Category: South Side

  • Charming Woodwork on the South Side

    Old Pa Pitt is not sure whether the woodwork on this South Side rowhouse is original or the work of a more recent craftsman. Either way, it is charmingly folksy, and the polychrome color scheme is well chosen to bring out the details.

  • Skeleton of a Railroad Overpass

    At the back of the South Side, where the Flats meet the Slopes, two railroads once ran above the level of the streets. One is still one of the busiest rail lines in the city. The other has been abandoned, leaving rusty skeletons like this. In dreamy moods, old Pa Pitt likes to imagine how this right-of-way—only three short blocks from Carson Street—could be repurposed for a South Side El that would connect to the subway at Station Square.

  • Two Parlor Windows from the South Side

    In a Victorian rowhouse, the parlor window—the ground-floor window facing the street—was an opportunity for the homeowners to display their taste and, even more important, their ability to pay skilled craftsmen to decorate their houses with woodwork and stained or leaded glass. Above, even the masonry is incised with decorative patterns.

  • Front Door on South 20th Street

    A front door with interesting woodwork and curious layers of history: note, for example, the three rows of asphalt shingles above it, which were doubtless somebody’s solution to a water-related problem.

  • Victorian Storefront on Carson Street

    This was the home of a prosperous shopkeeper in East Birmingham, one who had two full floors of living quarters above the shop, with the addition of a couple of comfortable attic rooms. The ground floor has been altered somewhat, but only in the incidentals; on the whole, the building is in a splendid state of preservation.

  • Appreciating the Details of a Second Empire Building

    The Second Empire style, with its dormered mansard roofs, was very popular in Pittsburgh—so much so that we walk by most examples without noticing them. Here’s a quite ordinary building in the back streets of the South Side, but it rewards a closer look at some of the details. Above, one of the lintels over the windows, which all have simple but effective carved decorations.

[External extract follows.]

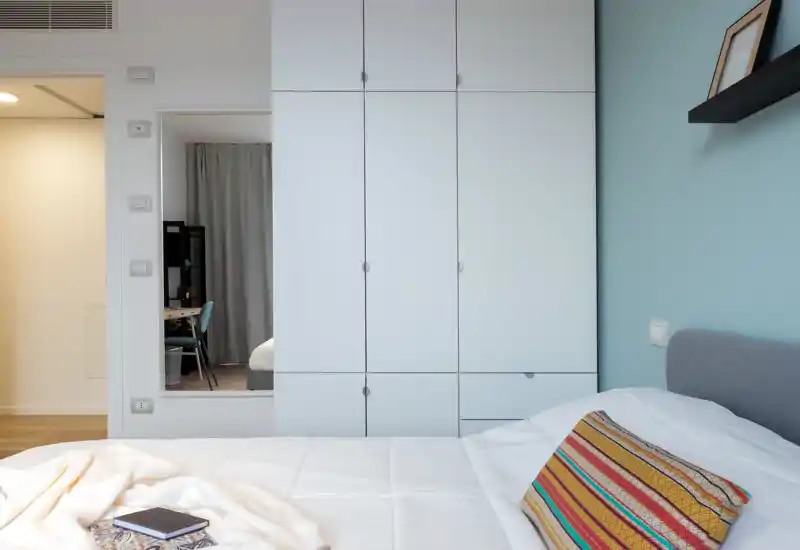 Dormitorio moderno y luminoso con una cama grande en primer plano, pared azul clara y un gran armario blanco; textiles acogedores y estilo ordenado.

    This roof has so far kept its original shingles, decoratively varied with four rows of a different shape across the middle.

    One of the windows on the ground floor. Notice that its lintel decoration is different from the one above.

    These star bolts are decorative, too—but they’re not mere decorations. Star bolts like these, which you see in old houses all over the city, are the decorative ends of long bolts that literally hold the building together. They are often installed to stabilize a wall that has begun to sag.

  • Bracket

    Ornamental bracket on a storefront on Carson Street.
  • Row of Windows, Carson Street

    A row of more than usually ornate Italianate windows on Carson Street, South Side.

  • Brackets

    Ornamental brackets on a corner building on Carson Street, South Side.

  • Art Nouveau Stained Glass on Carson Street

    The Art Nouveau style never made much headway in Pittsburgh, but there are a few examples of ornamentation in a style that deserves that name—especially stained glass, which lends itself to the kind of abstraction we associate with Art Nouveau. This window is in a storefront near the Birmingham Bridge.